Recorded data
• • • • • • •

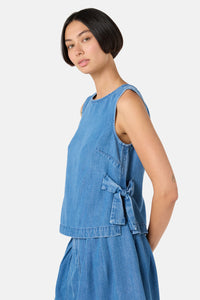 Gorman NZ - Bowtiful Denim Tank - mid-blue
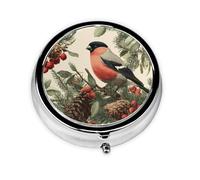 Pinecone Bird Small Pill Box 3 Compartment Portable Pill Box for Purse Pocket Winter Leaves Mini Medicine Organiser for Daily Vitamin Fish Oil Storage
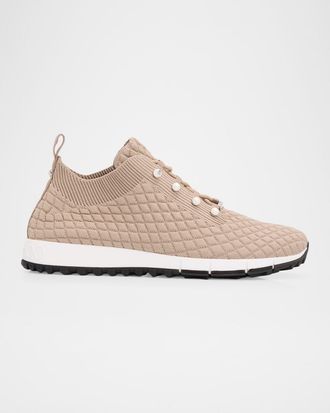 Jimmy Choo London Veles Diamond Knit Low-Top Trainers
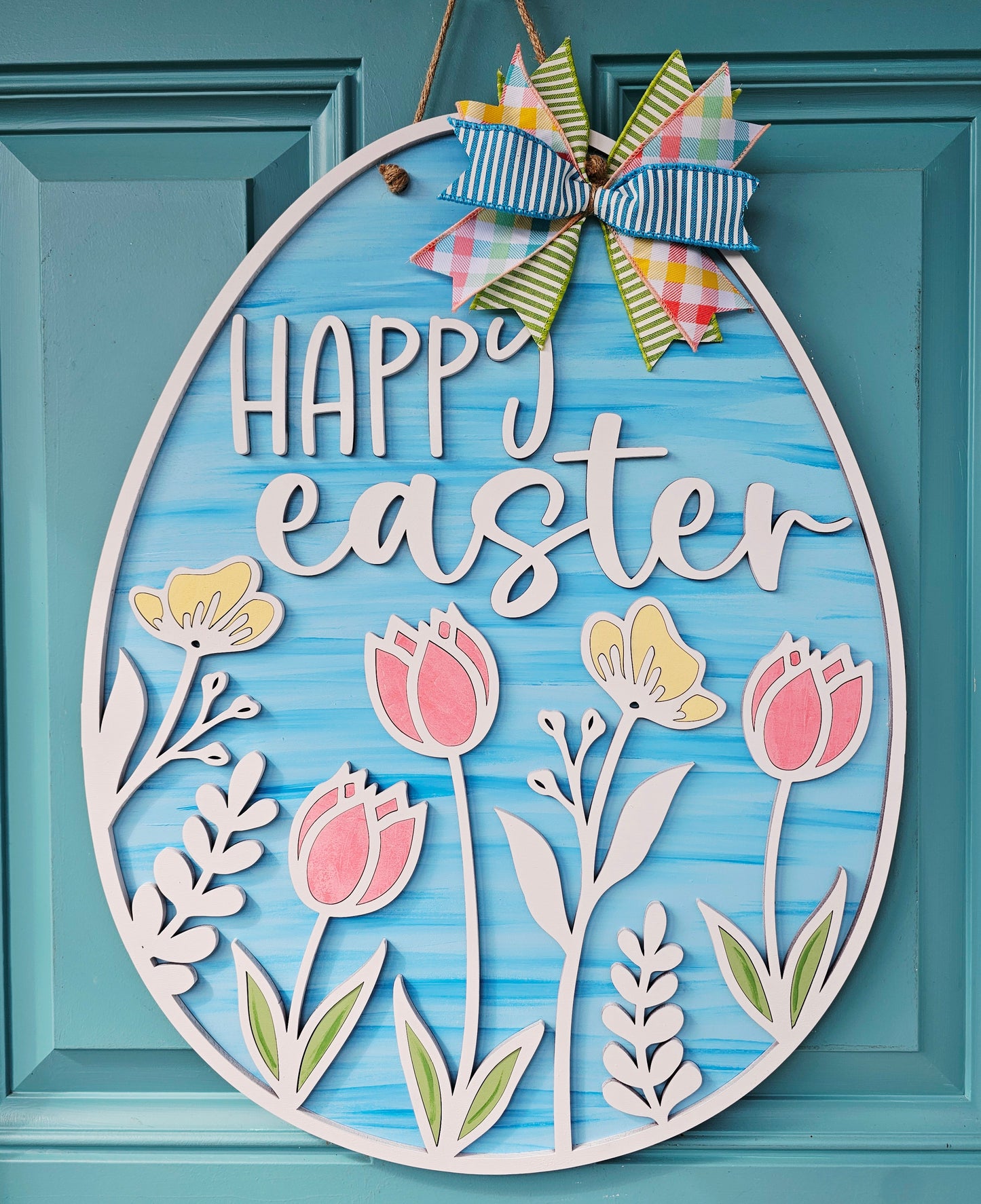 Egg Shaped Floral Door Hanger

• • • • • • •

What the task requires
Restate all of the data word for word and include no pictures.

Worked solution
 Gorman NZ - Bowtiful Denim Tank - mid-blue
 Pinecone Bird Small Pill Box 3 Compartment Portable Pill Box for Purse Pocket Winter Leaves Mini Medicine Organiser for Daily Vitamin Fish Oil Storage
 Jimmy Choo London Veles Diamond Knit Low-Top Trainers
 Egg Shaped Floral Door Hanger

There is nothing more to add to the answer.